Acho que o efeito cartão postal realmente acontece, não só no ambiente da dança. Assim como quem lá fora vê pela primeira vez o Grupo Corpo, companhia de grande porte que representa em muitos lugares a dança contemporânea brasileira, o Sankai Juku e por que não, Kasuo Ohno ,com todo o respeito, acabam se tornando cartões postais do que seria o butoh e o que seria “a dança japonesa” pela escassez de circulação de outros criadores de dança vindos do Japão. Mas para quem teve oportunidade de ver por exemplo o evento “Vestígios do butô, Homenagem `a Takao Kusuno”, em setembro de 2003, realização SESC São Paulo e Fundação Japão, ou que entra em contato com os estudos da Prof. Dra. Christine Greiner, pode perceber que há uma produção mais abrangente e complexa do butoh, ou do que foi o butoh.
Quem quiser consultar algumas atividades relativas ao tema, dou a sugestão do site da Fundação Japão http://www.fjsp.org.br
Para leitura, os livros da Christine Greiner: “Butô, pensamento em evolução”, ed. Escrituras, “O teatro Nô e o ocidente” e “O corpo, pistas para estudos indisciplinares”, ambos da Editora Annablume.
Olá Alana e Letícia!
Obrigada pelas contribuições, que ampliam a percepção e a discussão acerca dos espetáculos que circulam no país. Minha decisão em fazer um texto sensório e contextualizado historicamente sobre o espetáculo do Sankai Juku provém justamente do fato de não ter tido contato anterior com artistas e grupos que trabalham o butoh. Foi um olhar de debutante, que buscou se debruçar na primeira experiência de assistir a um grupo originalmente japonês.

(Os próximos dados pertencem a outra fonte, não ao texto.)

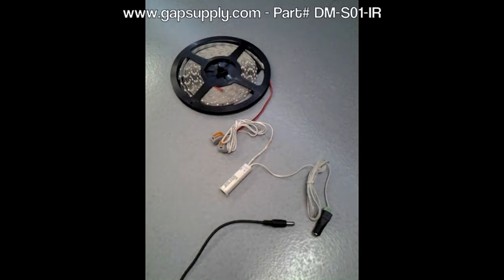Today we're going to show you how to use the new dual mode IR sensor from Gap Supply. This unique sensor has a dual mode that allows you to use it for two different applications. It also has a dual input, which allows you to use either 24 volt or 12 volt DC LED lighting products.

Seria uma boa reflexão pensar a falta de acesso que outras regiões têm em relação a obras estrangeiras. Uma realidade que vem mudando, mas que historicamente tem um débito com os artistas do Norte, Nordeste e Centro-oeste. Os artistas de São Paulo e Rio de Janeiro poderiam se sentir privilegiados, pois frequentemente tem acesso ao que se produz no mundo. E nesse sentido acho muito proveitosa a iniciativa de existir um espaço como o Idança onde podemos circular e aprofundar as informações vindas de diferentes partes do Brasil. O texto de Helena Katz, o qual Alana citou em seu comentário, é com certeza um outro olhar sobre a obra de Sankai Juku, mais experiente do ponto de vista histórico e teórico. Assim como as observações de Letícia que tem seu trabalho voltado para cultura japonesa.
Acredito que os novos olhares aqui apresentados são saudáveis e extremamente condizentes com a construção de um pensamento de dança que vem sendo feita no país. Espero dar minha contribuição sensibilizando os leitores para novas percepções.
Um abraço e mais uma vez obrigada pelos comentários.